- **Task goal**:
Write out again the entries from the first line to the line that includes "Hotel Jumeirah Guangzhou-complimentary", keeping both of those lines.
● ● ●
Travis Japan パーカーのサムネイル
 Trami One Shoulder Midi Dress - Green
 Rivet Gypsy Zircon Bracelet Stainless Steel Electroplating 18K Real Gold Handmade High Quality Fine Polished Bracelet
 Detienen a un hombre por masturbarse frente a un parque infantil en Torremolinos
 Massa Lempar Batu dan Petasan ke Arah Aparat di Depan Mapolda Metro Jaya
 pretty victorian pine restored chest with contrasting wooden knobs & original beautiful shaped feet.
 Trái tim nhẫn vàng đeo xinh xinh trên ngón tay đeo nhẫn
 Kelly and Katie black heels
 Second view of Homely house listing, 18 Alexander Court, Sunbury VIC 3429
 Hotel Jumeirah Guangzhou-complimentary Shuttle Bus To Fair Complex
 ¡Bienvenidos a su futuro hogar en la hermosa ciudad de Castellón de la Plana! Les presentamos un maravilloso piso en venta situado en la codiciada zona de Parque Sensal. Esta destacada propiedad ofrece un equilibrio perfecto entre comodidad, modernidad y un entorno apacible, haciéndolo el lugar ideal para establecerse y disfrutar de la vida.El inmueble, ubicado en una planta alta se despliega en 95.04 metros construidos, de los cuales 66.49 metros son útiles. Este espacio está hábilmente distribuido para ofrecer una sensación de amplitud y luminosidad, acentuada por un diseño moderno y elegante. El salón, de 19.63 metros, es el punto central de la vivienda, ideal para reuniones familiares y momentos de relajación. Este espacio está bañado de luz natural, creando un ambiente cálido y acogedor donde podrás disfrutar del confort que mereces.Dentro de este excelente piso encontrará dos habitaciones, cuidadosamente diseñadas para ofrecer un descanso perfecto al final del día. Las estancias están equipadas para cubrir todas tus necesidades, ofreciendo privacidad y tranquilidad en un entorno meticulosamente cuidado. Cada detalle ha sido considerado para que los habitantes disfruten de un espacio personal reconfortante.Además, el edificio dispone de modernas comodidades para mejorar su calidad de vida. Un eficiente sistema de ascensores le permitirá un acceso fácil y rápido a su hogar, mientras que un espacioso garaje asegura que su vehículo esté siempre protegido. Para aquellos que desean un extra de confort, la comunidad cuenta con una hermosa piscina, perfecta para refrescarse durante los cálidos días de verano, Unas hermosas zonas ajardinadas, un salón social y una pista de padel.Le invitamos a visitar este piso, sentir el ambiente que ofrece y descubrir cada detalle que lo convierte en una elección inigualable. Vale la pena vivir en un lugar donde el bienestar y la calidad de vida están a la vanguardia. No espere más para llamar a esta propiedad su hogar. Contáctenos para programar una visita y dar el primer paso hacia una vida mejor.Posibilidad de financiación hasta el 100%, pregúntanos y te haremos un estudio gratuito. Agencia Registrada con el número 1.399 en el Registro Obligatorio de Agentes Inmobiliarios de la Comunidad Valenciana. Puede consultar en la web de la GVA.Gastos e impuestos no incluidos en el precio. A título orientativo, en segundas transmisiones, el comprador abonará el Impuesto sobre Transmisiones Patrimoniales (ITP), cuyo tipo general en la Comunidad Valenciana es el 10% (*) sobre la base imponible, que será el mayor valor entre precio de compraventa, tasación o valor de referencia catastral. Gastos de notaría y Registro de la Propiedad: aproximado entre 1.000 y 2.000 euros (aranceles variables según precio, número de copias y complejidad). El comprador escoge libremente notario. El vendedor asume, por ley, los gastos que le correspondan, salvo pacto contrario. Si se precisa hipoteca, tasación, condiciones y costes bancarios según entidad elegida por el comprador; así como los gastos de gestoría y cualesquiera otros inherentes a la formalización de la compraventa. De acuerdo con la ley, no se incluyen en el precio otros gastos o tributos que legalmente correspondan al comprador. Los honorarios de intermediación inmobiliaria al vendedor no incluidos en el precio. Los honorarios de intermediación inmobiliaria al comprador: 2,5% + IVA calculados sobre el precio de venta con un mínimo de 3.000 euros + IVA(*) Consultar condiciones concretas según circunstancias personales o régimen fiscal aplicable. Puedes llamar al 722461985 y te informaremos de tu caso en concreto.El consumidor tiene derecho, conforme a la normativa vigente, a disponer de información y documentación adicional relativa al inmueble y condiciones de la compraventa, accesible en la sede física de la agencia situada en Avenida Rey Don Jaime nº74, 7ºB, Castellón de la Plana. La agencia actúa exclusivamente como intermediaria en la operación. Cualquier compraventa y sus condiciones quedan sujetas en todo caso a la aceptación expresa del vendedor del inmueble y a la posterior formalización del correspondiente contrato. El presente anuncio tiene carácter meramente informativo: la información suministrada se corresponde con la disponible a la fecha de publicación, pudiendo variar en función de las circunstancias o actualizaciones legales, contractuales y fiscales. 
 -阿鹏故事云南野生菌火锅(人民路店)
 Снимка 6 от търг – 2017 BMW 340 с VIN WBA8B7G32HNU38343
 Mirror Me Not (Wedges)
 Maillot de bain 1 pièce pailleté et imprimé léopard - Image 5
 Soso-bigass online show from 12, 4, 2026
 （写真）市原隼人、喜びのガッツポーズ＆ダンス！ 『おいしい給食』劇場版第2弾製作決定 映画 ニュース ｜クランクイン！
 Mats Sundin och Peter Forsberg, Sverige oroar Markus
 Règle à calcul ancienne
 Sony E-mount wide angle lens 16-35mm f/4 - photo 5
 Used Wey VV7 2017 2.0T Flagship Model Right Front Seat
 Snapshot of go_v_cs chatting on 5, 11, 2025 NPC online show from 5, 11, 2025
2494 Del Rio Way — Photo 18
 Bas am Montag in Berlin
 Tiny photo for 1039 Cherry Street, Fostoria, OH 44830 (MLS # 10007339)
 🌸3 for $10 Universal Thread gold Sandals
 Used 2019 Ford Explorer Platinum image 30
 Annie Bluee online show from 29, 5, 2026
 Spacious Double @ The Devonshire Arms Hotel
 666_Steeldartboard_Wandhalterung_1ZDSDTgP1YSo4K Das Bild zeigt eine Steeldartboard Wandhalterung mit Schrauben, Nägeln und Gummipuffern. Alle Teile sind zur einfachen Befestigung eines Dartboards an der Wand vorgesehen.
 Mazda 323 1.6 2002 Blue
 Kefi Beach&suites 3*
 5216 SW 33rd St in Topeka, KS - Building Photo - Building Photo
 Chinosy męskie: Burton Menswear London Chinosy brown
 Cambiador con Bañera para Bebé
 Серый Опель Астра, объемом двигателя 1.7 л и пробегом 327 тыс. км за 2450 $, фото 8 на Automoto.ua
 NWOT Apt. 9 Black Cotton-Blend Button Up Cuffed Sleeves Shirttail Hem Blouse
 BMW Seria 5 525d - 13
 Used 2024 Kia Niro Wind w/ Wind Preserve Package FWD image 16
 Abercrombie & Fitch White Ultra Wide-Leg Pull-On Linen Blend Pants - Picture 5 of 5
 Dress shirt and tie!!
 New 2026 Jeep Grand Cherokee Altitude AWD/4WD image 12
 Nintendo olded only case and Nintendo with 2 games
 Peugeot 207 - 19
● ● ●
- **Output of the exercise**:
Travis Japan パーカーのサムネイル
 Trami One Shoulder Midi Dress - Green
 Rivet Gypsy Zircon Bracelet Stainless Steel Electroplating 18K Real Gold Handmade High Quality Fine Polished Bracelet
 Detienen a un hombre por masturbarse frente a un parque infantil en Torremolinos
 Massa Lempar Batu dan Petasan ke Arah Aparat di Depan Mapolda Metro Jaya
 pretty victorian pine restored chest with contrasting wooden knobs & original beautiful shaped feet.
 Trái tim nhẫn vàng đeo xinh xinh trên ngón tay đeo nhẫn
 Kelly and Katie black heels
 Second view of Homely house listing, 18 Alexander Court, Sunbury VIC 3429
 Hotel Jumeirah Guangzhou-complimentary Shuttle Bus To Fair Complex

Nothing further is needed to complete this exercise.